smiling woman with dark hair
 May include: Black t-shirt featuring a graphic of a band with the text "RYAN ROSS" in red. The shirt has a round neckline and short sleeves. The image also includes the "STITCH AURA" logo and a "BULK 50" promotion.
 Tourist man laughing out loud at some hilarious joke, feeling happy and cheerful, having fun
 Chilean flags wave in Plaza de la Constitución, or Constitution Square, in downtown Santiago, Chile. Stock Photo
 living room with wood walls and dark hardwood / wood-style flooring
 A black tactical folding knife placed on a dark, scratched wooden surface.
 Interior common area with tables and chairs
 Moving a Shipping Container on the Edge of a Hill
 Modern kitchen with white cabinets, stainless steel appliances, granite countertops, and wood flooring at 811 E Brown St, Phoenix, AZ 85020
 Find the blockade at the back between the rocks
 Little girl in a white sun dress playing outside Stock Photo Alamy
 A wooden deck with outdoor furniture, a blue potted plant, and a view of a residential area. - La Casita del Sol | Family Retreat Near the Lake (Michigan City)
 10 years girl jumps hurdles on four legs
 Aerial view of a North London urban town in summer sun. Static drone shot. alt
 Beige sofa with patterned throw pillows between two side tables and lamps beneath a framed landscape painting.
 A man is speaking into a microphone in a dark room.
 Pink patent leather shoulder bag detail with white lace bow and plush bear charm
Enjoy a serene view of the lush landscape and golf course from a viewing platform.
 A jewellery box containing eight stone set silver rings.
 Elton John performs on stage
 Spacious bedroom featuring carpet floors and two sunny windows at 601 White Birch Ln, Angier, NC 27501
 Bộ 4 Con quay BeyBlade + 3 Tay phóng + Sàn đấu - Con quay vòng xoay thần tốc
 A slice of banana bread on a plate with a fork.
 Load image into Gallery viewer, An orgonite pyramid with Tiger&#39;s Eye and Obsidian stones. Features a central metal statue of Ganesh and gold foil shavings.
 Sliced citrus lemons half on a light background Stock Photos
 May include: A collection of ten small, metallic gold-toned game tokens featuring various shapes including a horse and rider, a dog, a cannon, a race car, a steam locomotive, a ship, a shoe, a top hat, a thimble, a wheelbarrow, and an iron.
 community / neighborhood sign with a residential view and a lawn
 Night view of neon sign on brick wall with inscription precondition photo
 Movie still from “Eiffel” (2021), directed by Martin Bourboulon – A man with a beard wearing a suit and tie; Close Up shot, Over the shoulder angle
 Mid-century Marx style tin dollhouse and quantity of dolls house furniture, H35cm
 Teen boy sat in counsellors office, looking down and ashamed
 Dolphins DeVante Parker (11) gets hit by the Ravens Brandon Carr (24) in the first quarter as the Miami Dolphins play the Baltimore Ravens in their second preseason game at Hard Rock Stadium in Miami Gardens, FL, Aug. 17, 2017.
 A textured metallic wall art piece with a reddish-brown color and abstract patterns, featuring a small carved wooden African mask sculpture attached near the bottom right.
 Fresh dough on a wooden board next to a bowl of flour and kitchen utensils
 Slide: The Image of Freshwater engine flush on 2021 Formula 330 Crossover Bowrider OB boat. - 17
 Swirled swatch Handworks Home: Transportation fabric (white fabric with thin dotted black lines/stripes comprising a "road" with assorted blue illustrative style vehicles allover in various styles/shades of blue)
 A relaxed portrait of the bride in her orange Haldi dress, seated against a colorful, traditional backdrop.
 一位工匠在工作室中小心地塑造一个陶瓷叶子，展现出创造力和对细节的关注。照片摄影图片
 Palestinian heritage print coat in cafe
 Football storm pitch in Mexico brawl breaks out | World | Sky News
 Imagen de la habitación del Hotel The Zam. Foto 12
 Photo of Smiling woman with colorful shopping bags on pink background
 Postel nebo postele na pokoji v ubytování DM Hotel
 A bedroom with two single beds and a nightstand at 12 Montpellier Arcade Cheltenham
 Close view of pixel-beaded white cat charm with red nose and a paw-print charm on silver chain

━━━━━━━━

Read through the entries, then copy every line where the string "sign" is found.

 community / neighborhood sign with a residential view and a lawn
 Night view of neon sign on brick wall with inscription precondition photo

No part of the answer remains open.